Where [?] = is / was / has been / are

Understanding the Meaning

Let's start reading from the beginning:

"The engineers developing the new software platform..."

  • We're talking about a specific group: the engineers
  • They're developing a new software platform

"working closely with the lead designer..."

  • This tells us more about what these engineers are doing
  • They're collaborating with a lead designer

"who has decades of experience in user interface development"

  • This describes the designer – someone very experienced

Now here's where we need to fill in the blank:

  • "The engineers... _____ confident that the project will meet its deadline."

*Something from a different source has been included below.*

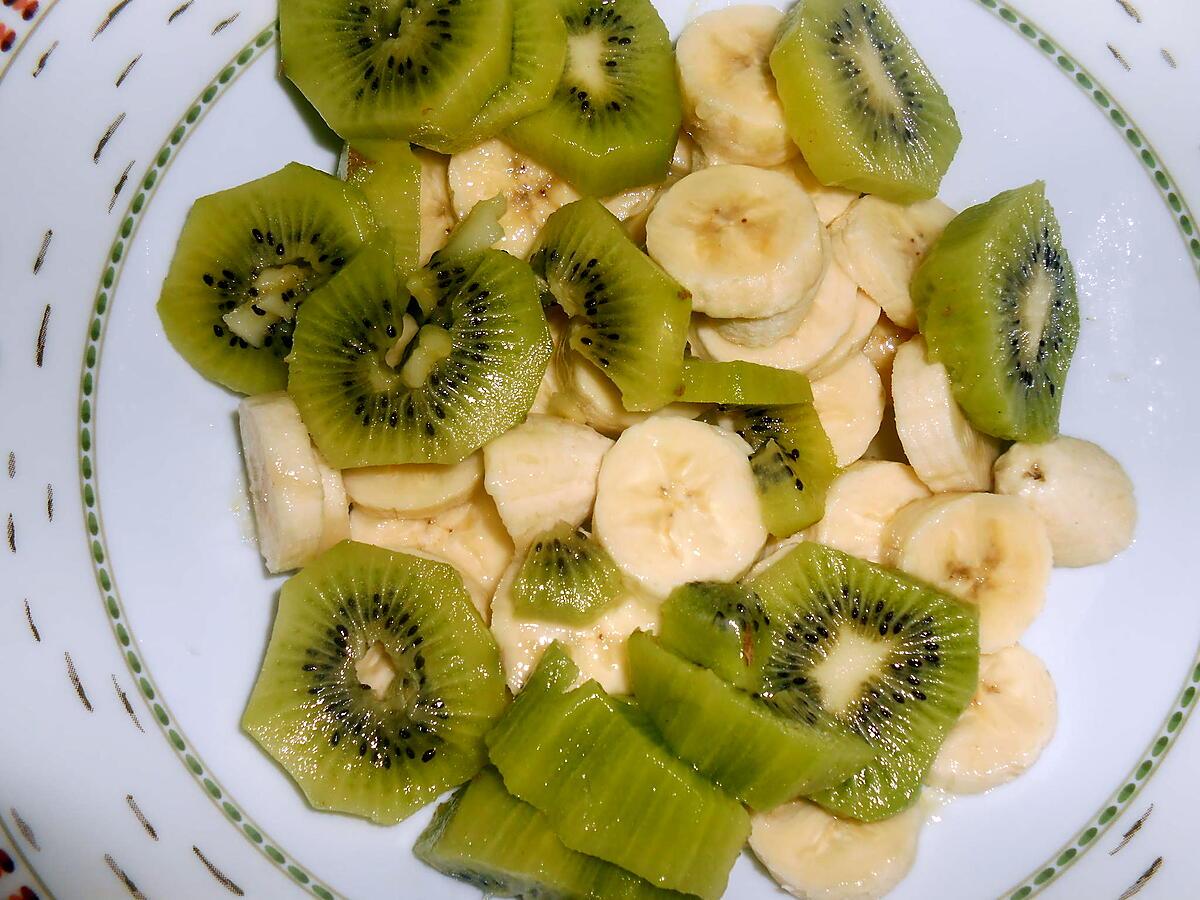 recette SALADE DE FRUITS BANANE KIWI ORANGE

Let's look at our choices:

  • We have: is, was, has been, are
  • These are all different forms of linking verbs
  • I'm deciding between singular vs. plural, and different tenses

What do we know from what we've read?

  • The subject is "The engineers" – that's plural
  • "developing the new software platform" and "working closely with the lead designer..." are phrases that describe these engineers
  • But the subject itself is still "engineers" (plural)

So we need a plural verb: are

What do we notice about the structure here?

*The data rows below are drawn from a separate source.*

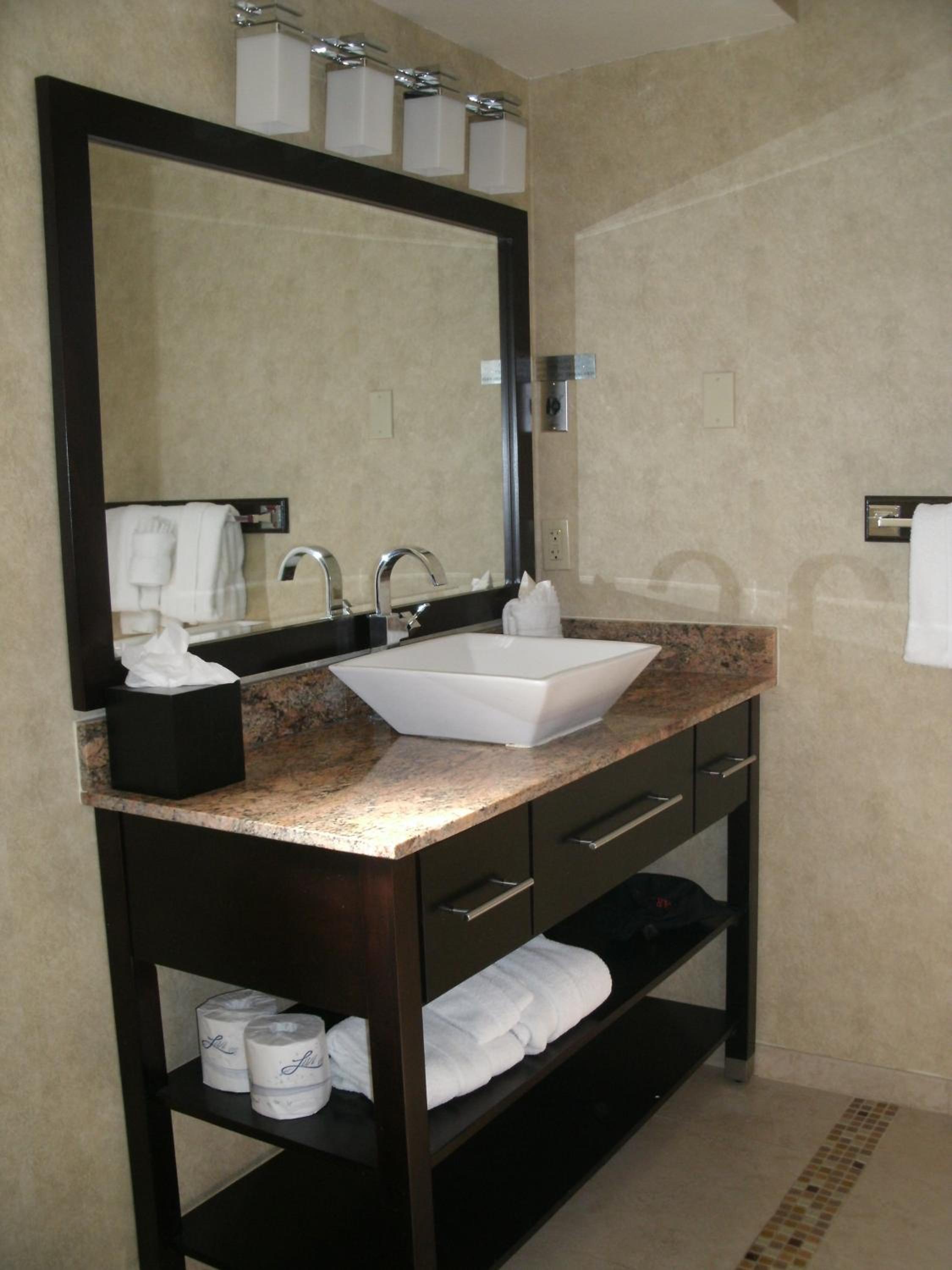 King Suite - Photo 3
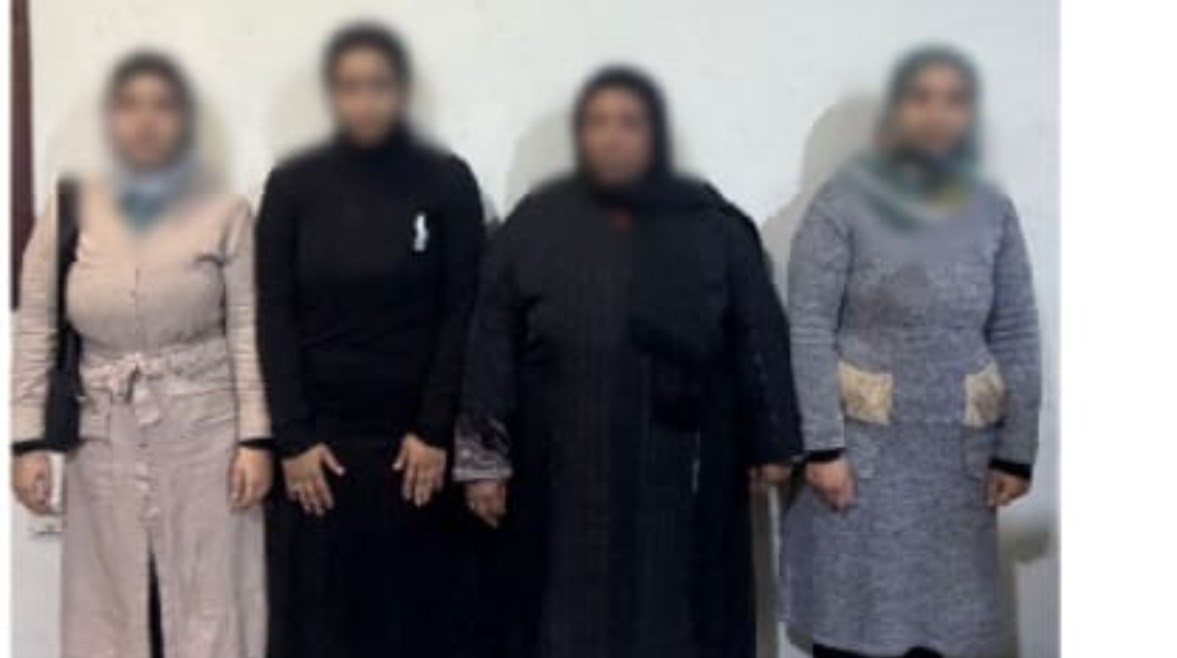 المتهمات بعد ضبطهم 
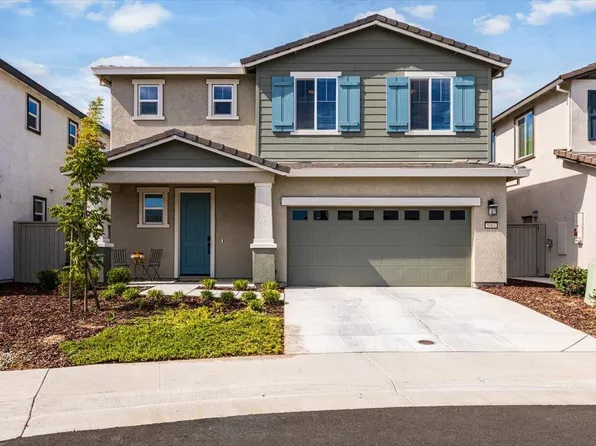 5064 Frisbee Dr, Roseville, CA 95747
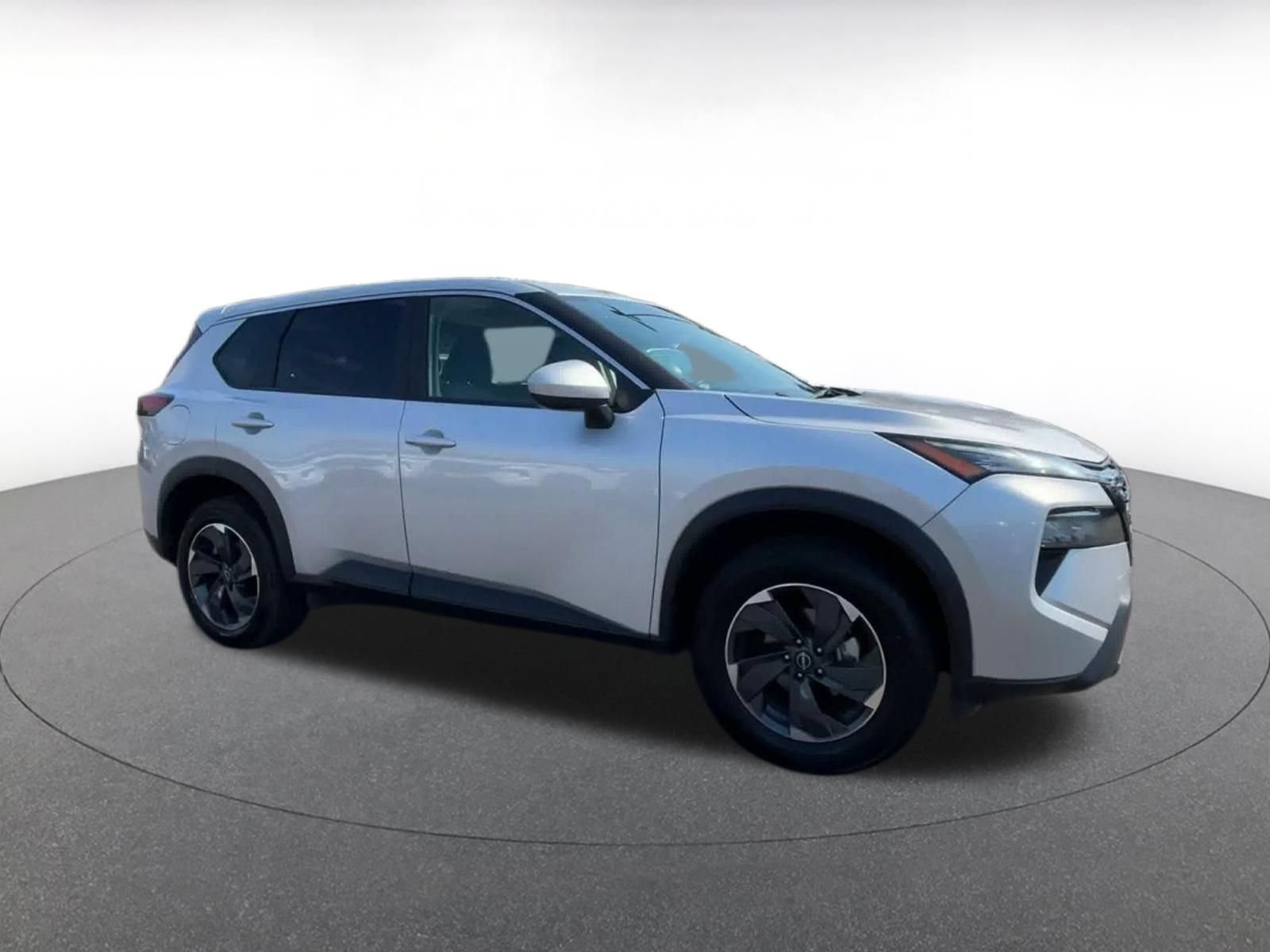Used 2025 Nissan Rogue SV FWD image 2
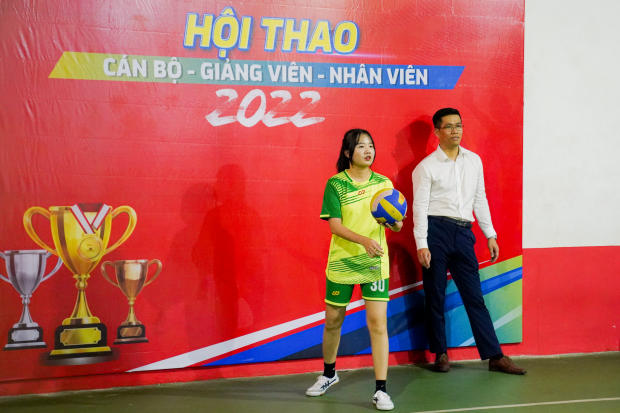 Hội thao CB-GV-NV 13WIN13 2022: LQ P. Tư vấn Tuyển sinh - P. Truyền thông - K. Trung Quốc học bảo toàn ngôi vô địch Bóng chuyền nữ 34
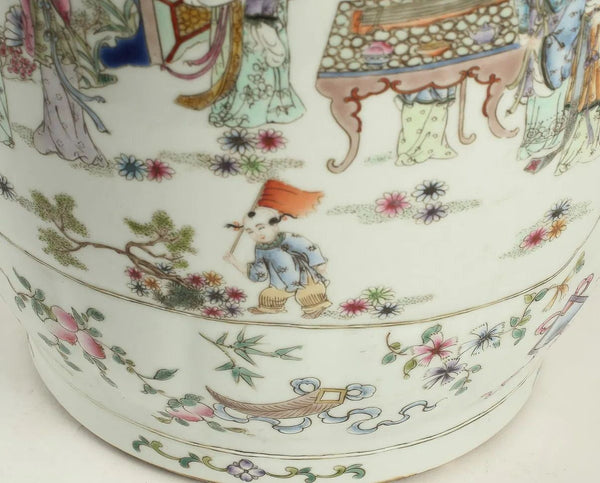 Early 20th-Century Chinese Qianlong-Style Porcelain Vase with Square Seal Mark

  • The subject "engineers" is separated from the verb by long descriptive phrases
  • These phrases tell us what the engineers are doing and who they're working with
  • But they don't change the fact that "engineers" is plural
  • The verb must agree with "engineers," not with any of the singular nouns in those descriptive phrases (like "platform" or "designer")

The complete meaning:

  • The engineers (who are developing a platform and working with an experienced designer) are confident about meeting the deadline
  • This is talking about their current state of confidence about a future event

The correct answer is D: are


GRAMMAR CONCEPT APPLIED

Making Verbs Agree with Subjects Despite Intervening Phrases

The fundamental rule of subject-verb agreement (the technical term for making subjects and verbs match in number) is that your verb must match your subject – if the subject is singular, use a singular verb; if plural, use a plural verb.

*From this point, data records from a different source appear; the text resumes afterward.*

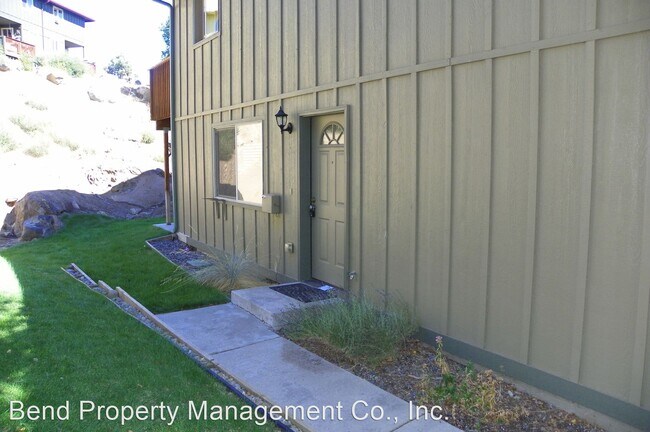 Building Photo - 1431 Lucinda Ct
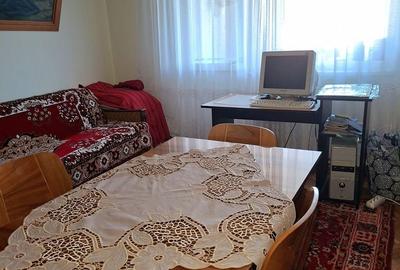 Apartament cu 4 camere decomandat în Rovine - 3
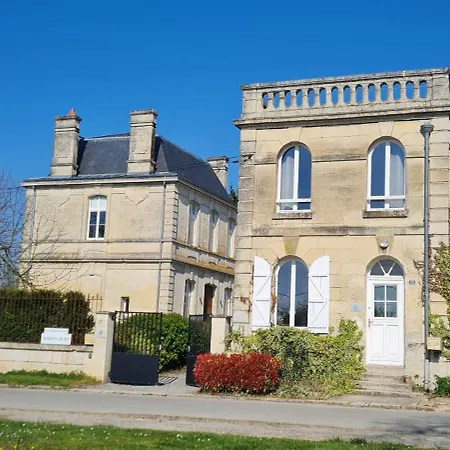 Maison Mury 7 15 Personnes 2h De Paris Holiday home *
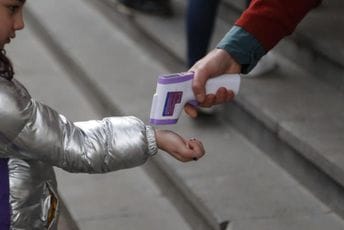 SAD: Omikron i snijeg odlažu nastavu, neke škole se pripremaju i za onlajn nastavu SAD: Omikron i snijeg odlažu nastavu, neke škole se pripremaju i za onlajn nastavu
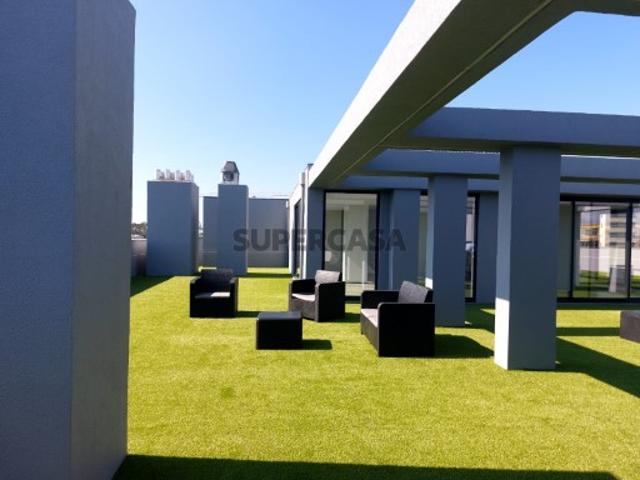 Apartamento T4 com 2 frentes, novo, com churrasqueira  piscina e playground na cobertura do prédio, em Moreira da Maia Mosteiro
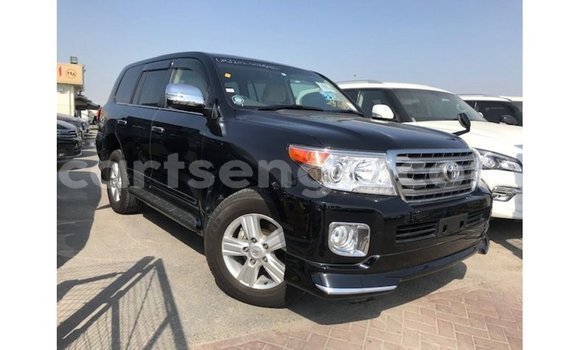 Acheter Import Voiture Toyota Land Cruiser Noir à Import - Dubai, Hhohho Acheter Import Voiture Toyota Land Cruiser Noir à Import - Dubai, Hhohho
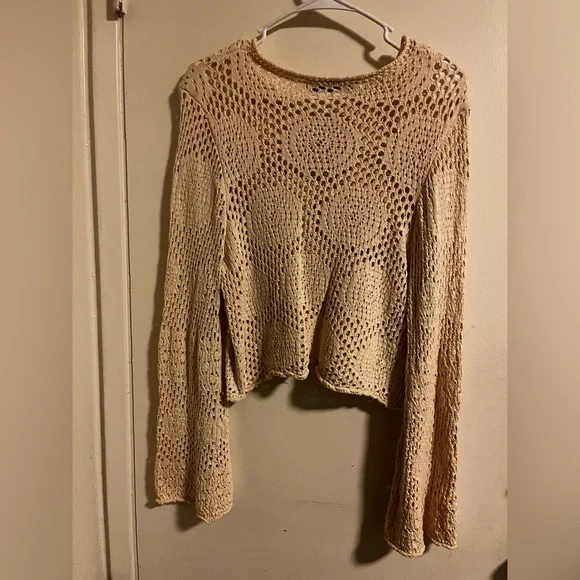 Zara Beige Crochet Tie-Front Top - Picture 3 of 3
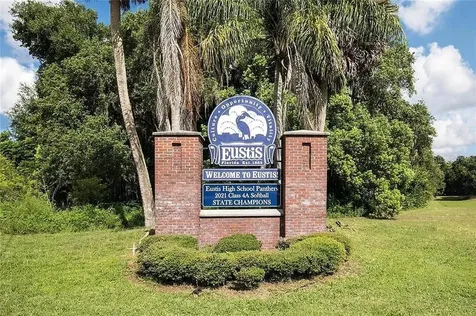 105 W Golf Links Avenue Eustis FL 32726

The challenge comes when the subject and verb are separated by long descriptive phrases:

Pattern that can be tricky:

  • [Plural Subject] + [long phrase with singular nouns] + [verb – must still be plural!]
  • The engineers developing the platform, working with the designer, are confident
  • Subject: "engineers" (plural)
  • Intervening phrases: "developing..." and "working with..."
  • Verb: must be "are" (plural) to match "engineers"

Why it's tricky:

  • Your ear might be pulled toward the nearest noun ("designer" – singular)
  • But the verb must agree with the actual subject, not with nouns inside descriptive phrases

How to handle it:

  1. Find the true subject (who or what is doing/being something?)
  2. Mentally remove or skip over the descriptive phrases
  3. Check: Does the verb match the subject?
    • "The engineers... are confident" ✓
    • "The engineers... is confident" ✗

In our question:

  • Subject: "The engineers" (plural)
  • Intervening material: Both "developing the new software platform" and "working closely with the lead designer who has decades of experience in user interface development"
  • Correct verb: "are" (plural) – agrees with "engineers"
Answer Choices Explained
A

is

✗ Incorrect

  • This is a singular verb
  • But our subject "engineers" is plural
  • "The engineers is confident" is grammatically incorrect – we'd never say that
  • This creates a subject-verb disagreement error
B

was

✗ Incorrect

  • This is both singular AND past tense
  • It fails for the same reason as Choice A (wrong number)
  • Plus, the past tense doesn't fit – the sentence describes their current confidence about a future deadline ("will meet")
C

has been

✗ Incorrect

  • "Has" is the singular form of the helping verb
  • "The engineers has been" is incorrect – we'd say "have been" for plural
  • This creates a subject-verb disagreement error
D

are

✓ Correct

  • Correct as explained in the solution above.